Ippolit would perhaps like to be a true nihilist and believe that life is meaningless, but he can't help but write a manifesto in an attempt to make some impression on the people around him and imbue his dying with some meaning. He wants people to believe he is brave, and he would like them to love him. He also writes the manifesto to make sense of his own thoughts and feelings in the face of the terrible pressure and terror he must feel because of impending death.

Since Ippolit is a materialist, he inevitably must end up in despair. In the story of how he helped the impoverished man and his family, Ippolit shows how he did a good deed for its repercussions. This is one way in which people attempt to overcome their mortality—by leaving good works behind them. As literary critic Roger Anderson notes, the monstrous scorpion of Ippolit's dream symbolizes the blind, relentless force of nature, which eventually destroys everything in its maw.

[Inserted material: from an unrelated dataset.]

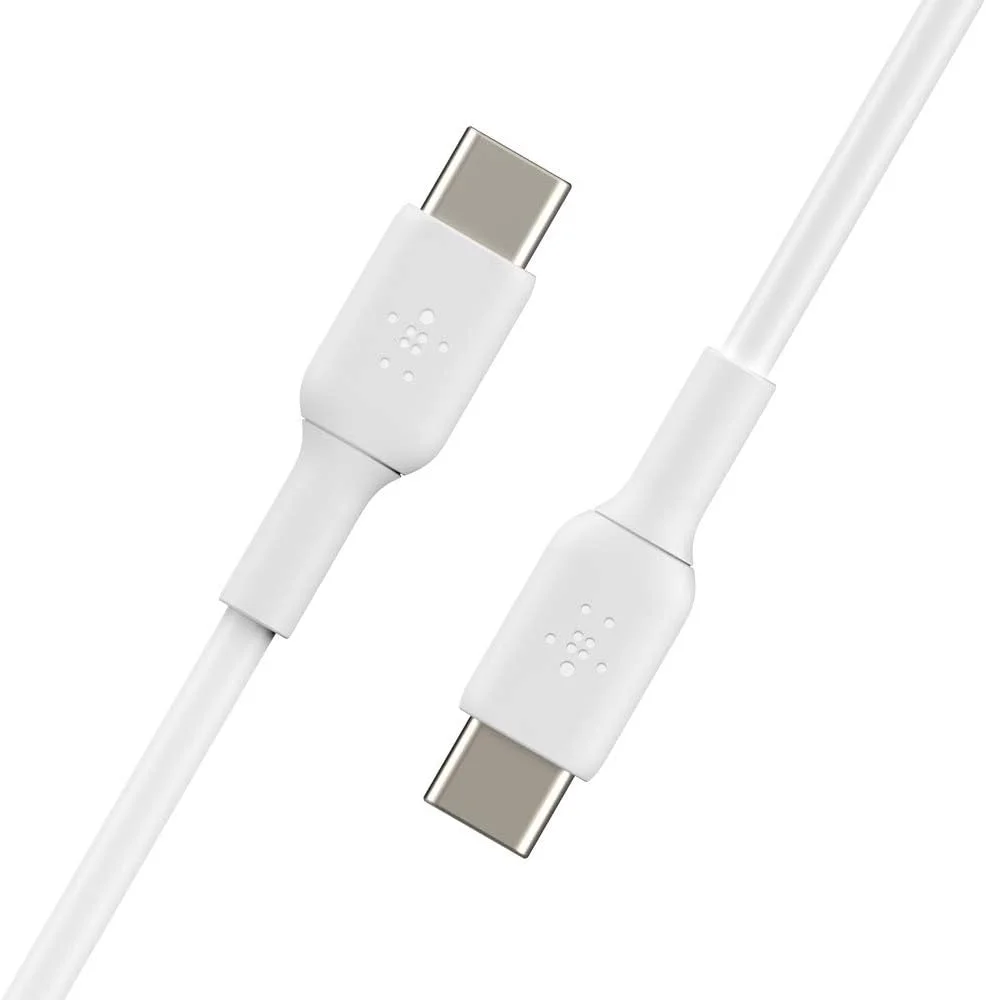 کابل شارژ سریع USB-C بافته شده Belkin BoostCharge، کابل شارژ USB نوع C برای شارژ سریع آیفون 16، 15، سامسونگ گلکسی S24، S23، پیکسل، آیپد، مک بوک، نینتندو و غیره - 1 متر، بسته 2 عددی، سفید کابل شارژ سریع USB-C بافته شده Belkin BoostCharge، کابل شارژ USB نوع C برای شارژ سریع آیفون 16، 15، سامسونگ گلکسی S24، S23، پیکسل، آیپد، مک بوک، نینتندو و غیره - 1 متر، بسته 2 عددی، سفید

To face the death of his material body without hope of metaphysical reprieve makes Ippolit feel as if he is "squashed like a fly."

The Holbein painting of the dead Christ is described in detail in Part 3, Chapter 6, and for Ippolit the lifeless body is confirmation that man is nothing more than his material existence. Ippolit wonders how Jesus's followers could have believed in his resurrection after looking at Christ's human corpse. The subtext here considers how any human being, looking into the abyss of the body's corruption after death, can possibly believe in their own resurrection, or rather, the continuation of their existence on an immaterial plane. The corpse is "a vision of man's terminal objectification in nature," says Roger Anderson. Science can accurately describe the process of decay after death, and on the material level "prove ... humanity's eventual disappearance into an oblivion."

Ippolit's powerfully dark and hopeless vision is the flipside of Dostoevsky's ardent faith, one of the polyphonic voices in The Idiot that cannot be ignored. Ippolit either dreams of Rogozhin as the devil or encounters him in some way in his room. Rogozhin represents the result of materialism taken to its outer limit of despair, and for this reason Ippolit can no longer remain in a life shaped into such an offensive form.